[Extracted information]
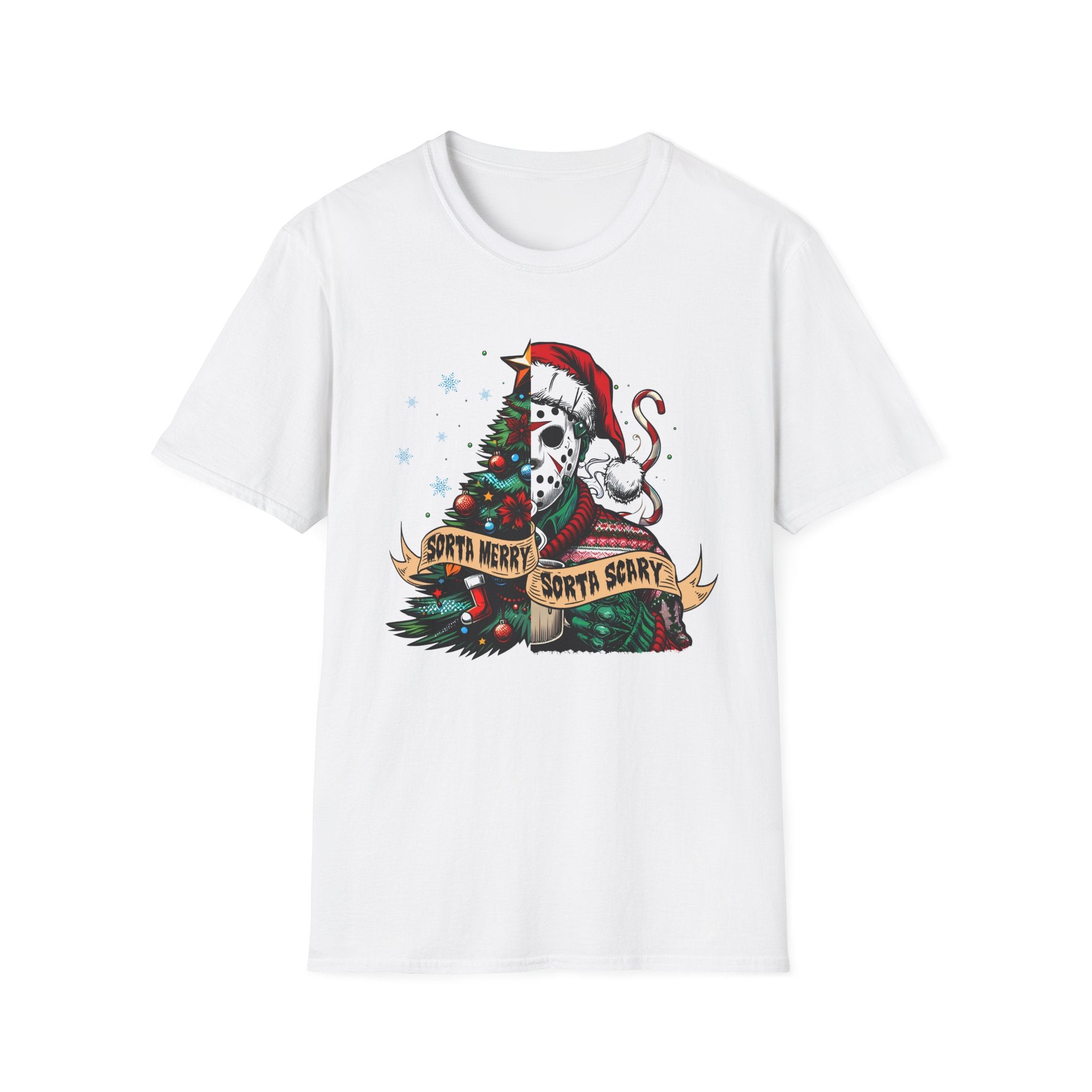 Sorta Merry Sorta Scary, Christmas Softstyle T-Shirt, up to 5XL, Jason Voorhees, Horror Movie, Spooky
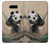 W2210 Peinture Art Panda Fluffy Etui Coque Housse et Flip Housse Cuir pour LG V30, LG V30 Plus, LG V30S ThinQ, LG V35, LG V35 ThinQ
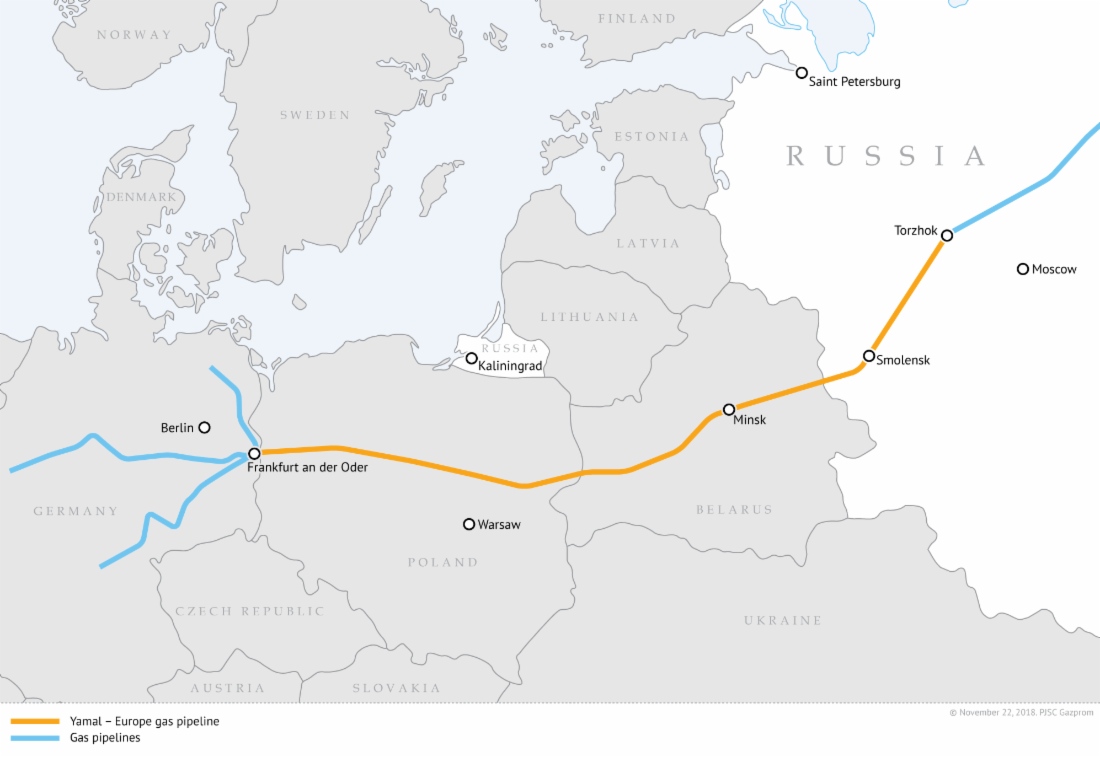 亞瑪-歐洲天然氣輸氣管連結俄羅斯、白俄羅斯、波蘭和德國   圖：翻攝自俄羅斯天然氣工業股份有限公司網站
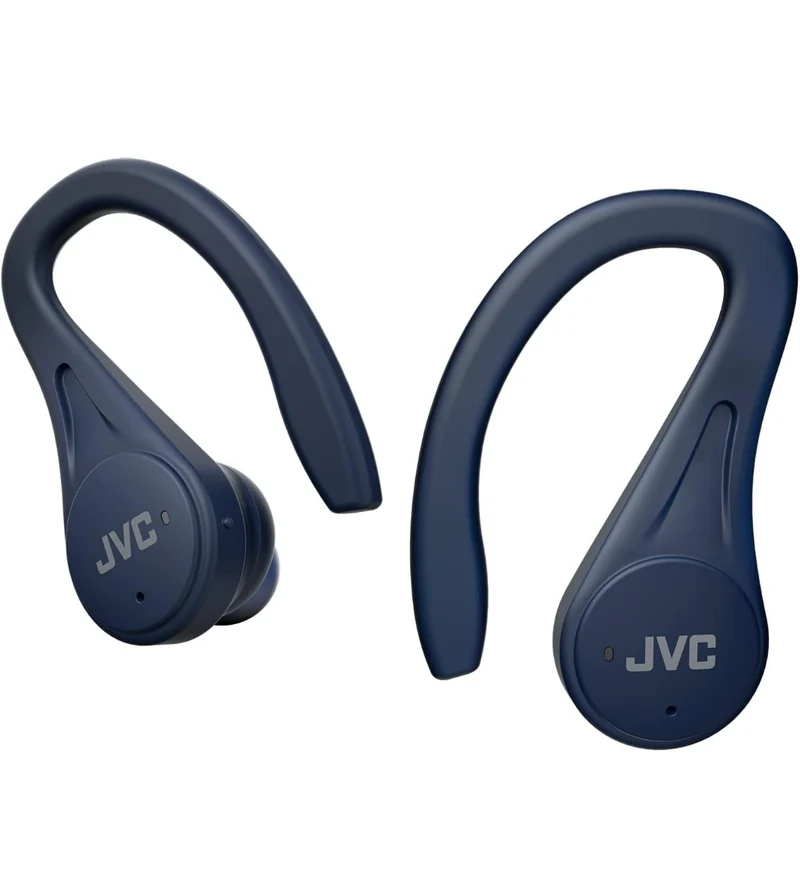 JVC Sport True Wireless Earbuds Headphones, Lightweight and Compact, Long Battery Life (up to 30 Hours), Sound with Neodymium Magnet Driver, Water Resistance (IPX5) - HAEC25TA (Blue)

...

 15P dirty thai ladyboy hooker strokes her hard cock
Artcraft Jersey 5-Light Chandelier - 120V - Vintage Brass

[Problem to work on]
Wherever the line holding "15P dirty thai" falls in the entries above, copy exactly from it through the line holding "Artcraft Jersey 5-Light", inclusive, and add nothing.

[Response to the exercise]
 15P dirty thai ladyboy hooker strokes her hard cock
Artcraft Jersey 5-Light Chandelier - 120V - Vintage Brass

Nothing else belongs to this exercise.